Many industries are seeing a drastic increase in customer enquiries – people who need help or who are unsure about what is going on or what should be happening next. It’s now more than ever that a business can make a mark – good or bad – by how they respond to their customers.
Read on for tips for dealing with and helping your customers in the midst of a crisis.
1. Be Kind
The vast majority of people are stressed out, so you might find your customers are lashing out. Some are facing severe loss of income and other difficulties as a result of the lockdown. You, of course, may also be in the same position, and it’s important to remember that we all must be kind to one another. In many cases, kindness breeds kindness and meanness breeds the same.

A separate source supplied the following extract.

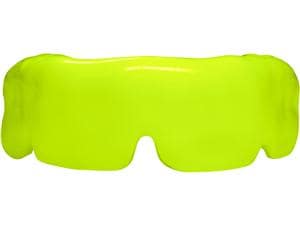 PLAY SAFE® Erkoflex-color, Stärke 2 mm, Ø 120 mm (rund) - Standardpackung, einfarbig Grellgelb, Packung 5 Stück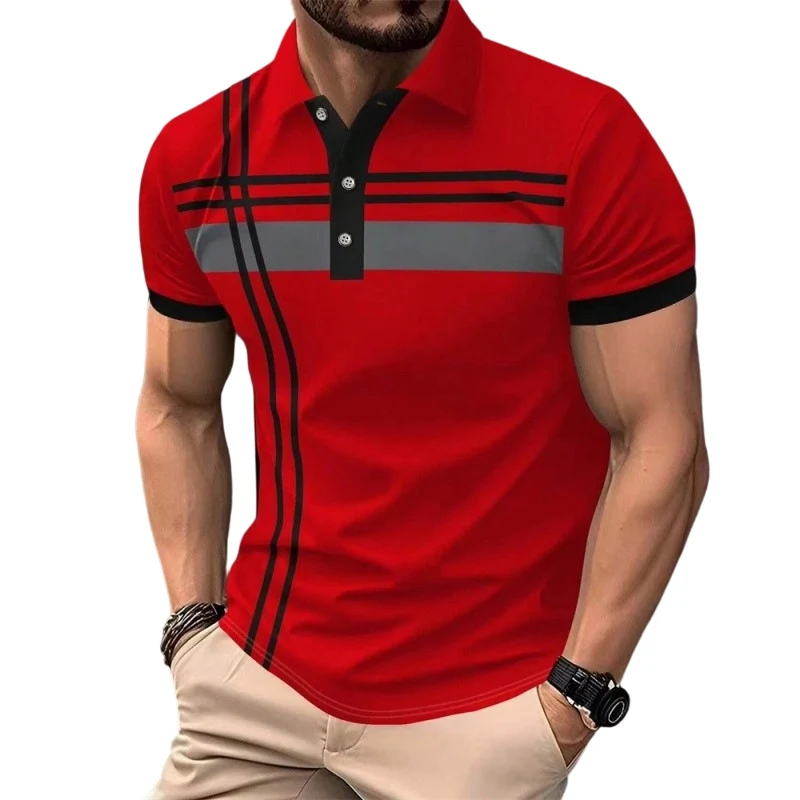 Ludrick | Elegantes Herren-Shirt mit Kragen und Knopfleiste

If you can respond to a frustrated or worried customer with genuine understanding and compassion, you may find that you’ll win loyalty while making the world – and an individual’s day – just that little bit better.
2. Be honest and open
I’ve been blown away by the generosity and understanding of my clients’ customers over the recent weeks. And people are more likely to respond positively if you’re open about what you’re doing, how you’re doing it, and any issues you are facing. The majority of people understand that this is a difficult situation and that you may not be able respond to them as quickly as usual or get their product in the post on the same day. You don’t need to whine and you don’t need to moan, but if your customers know where they stand, they’ll feel much calmer and be able to trust that you’ll get to them when you can.
3. Don’t lash out
As mentioned above, people may be short-tempered and frustrated, and they may make comments – either publicly or privately – that they wouldn’t at other times. When you get lots of people doing the same, it might seem overwhelming at times and you might feel like letting loose with exactly what you’re thinking. Don’t! Even if you’re angry, frustrated or upset, responding really negatively to a difficult or concerned customer will only escalate a matter and will make a bad impression on others. If you’re struggling, draft a response, leave it overnight, and then re-read and re-draft it the next day. You’ll be amazed at how much easier it will be to look at things objectively.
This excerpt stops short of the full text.